In the last decades of the 20th century. contemporary art in Australia has followed the main international trends, opening up to new experiments and finding, also thanks to the recovery of its own cultural substratum, a personal identity. New developments have been recorded since the 1980s, also due to the opportunities offered by the numerous traveling exhibitions, by periodic reviews such as the Biennale (since 1973) in Sydney or the Asia-Pacific Triennial of Contemporary Art (since 1993) in Brisbane, publications and magazines specialized. A renewed interest in figuration emerges, in harmony with contemporary international experiences, in the work of sculptors such as B. Armstrong (b. 1957), P. Juraszek (b. 1953), M. Snape (b. 1951). The return to traditional materials such as wood and bronze (R. Broad, n.1947; T. Risley, n.papier mâchéin sculptures or installations (V. Meertens, n.1955; Australia Wright-Smith, n.1956).
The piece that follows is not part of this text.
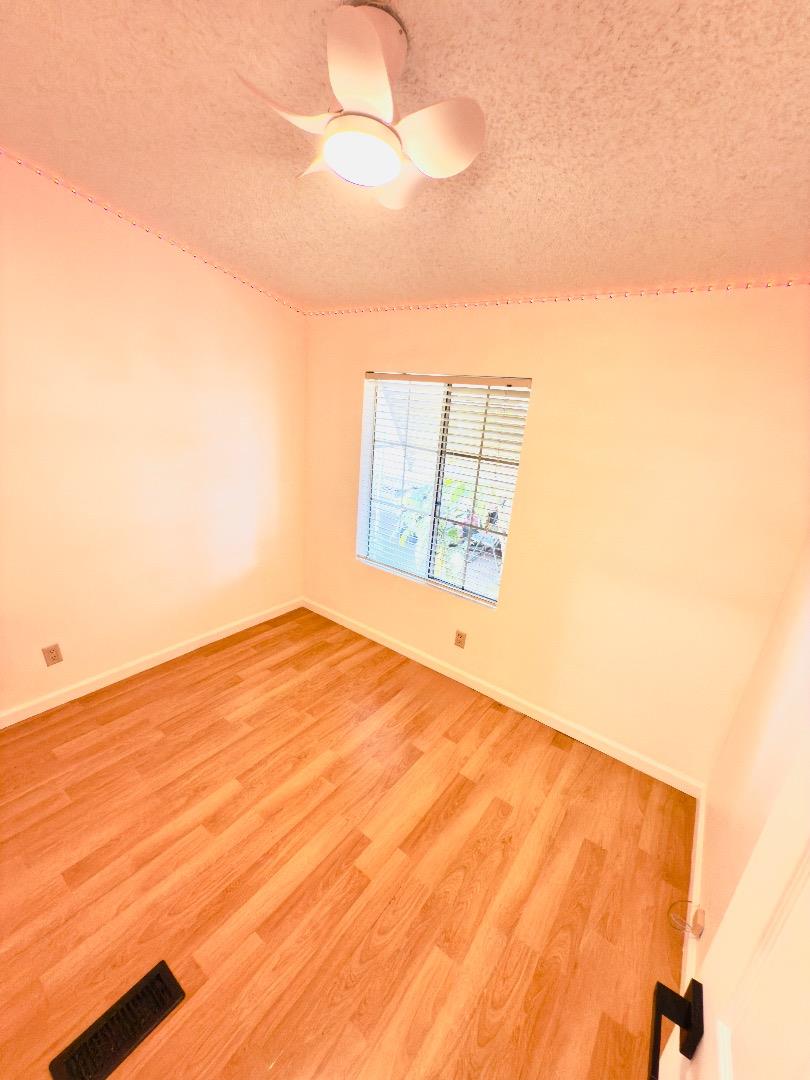 Detail Gallery Image 15 of 27 For 200 Ford Rd #160,  San Jose,  CA 95138 - 3 Beds | 2 Baths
In painting, alongside the neo-expressionist solutions of P. Booth (b.1940), some artists work, according to diversified solutions, in the recovery of languages ​​of the past using means such as collage, photography, video, such as R. Dunn (b.1944), who investigates the pervasiveness of power in modern society, I. Tillers (b.1950), who deals with the concept of national identity through images of international art, and the photographer B. Henson (b.1955), who explores spaces border, between day and night, nature and civilization, feminine and masculine. Complex video installations and performances are made by L. Jones (b. 1949). In the non-figurative field, the researches of the sculptors R. Robertson-Swann (b.1941) are carried out, known for its linear structures in welded steel, G. Bartlett (b. 1952), T. Coleing (b. 1942), P. Cole (b. 1946) and M. Parr (b. 1945). Among the younger artists, who represented the Australia in the major exhibitions between the end of the 20th and 21st centuries, I am P. Piccinini (b. 1965), Australian by adoption, author of videos and installations with hyper-realistic figures, on the main themes of biogenetics; T. Moffat (b. 1960), of aboriginal origin, who explores racial conflicts and the sexual exploitation of the Australia postcolonial. Since 1992 the Sidney Museum of Contemporary Art has organized a series of traveling exhibitions entitledSpring, dedicated to young emerging artists.

Ever greater importance has assumed, especially since the 1990s, the interest in Aboriginal figurative culture, which has established itself as one of the most original expressions of Australian art; present in international exhibitions and reviews with artists such as M. Kubarkku (b.1926), J. Angunguna (b.1935), J. Mawandjul (b.1952), MN Jagamara (b.1949), J. Watson (b. 1959), is represented in the main public collections including, in particular, the National Gallery of Australia, in Canberra (among the most significant works The aboriginal memorial, 1987-88, 200 wooden steles painted by 43 artists, dedicated to fallen Aborigines during the European settlement).


Great Barrier Reef (1981); Kakadu National Park (1981, 1987, 1992); Willandra Lakes Region (1981); Lord Howe Island group (1982); jungle of Tasmania (1982, 1989); Central-Eastern Rainforest Reserve (1986, 1994); Uluru-Kata Tjuta National Park (1987, 1994); Tropics of Queensland (1988); Shark Bay, Western Australia (1991); Fraser Island (1992); Australian sites of fossil mammals (Riversleigh / Naracoorte) (1994); Heard and McDonald Islands (1997); Macquarie Island (1997); Greater Blue Mountains area (2000); Purnululu National Park (2003); Royal exhibition building and Carlton Gardens (2004); Sidney opera house (2007).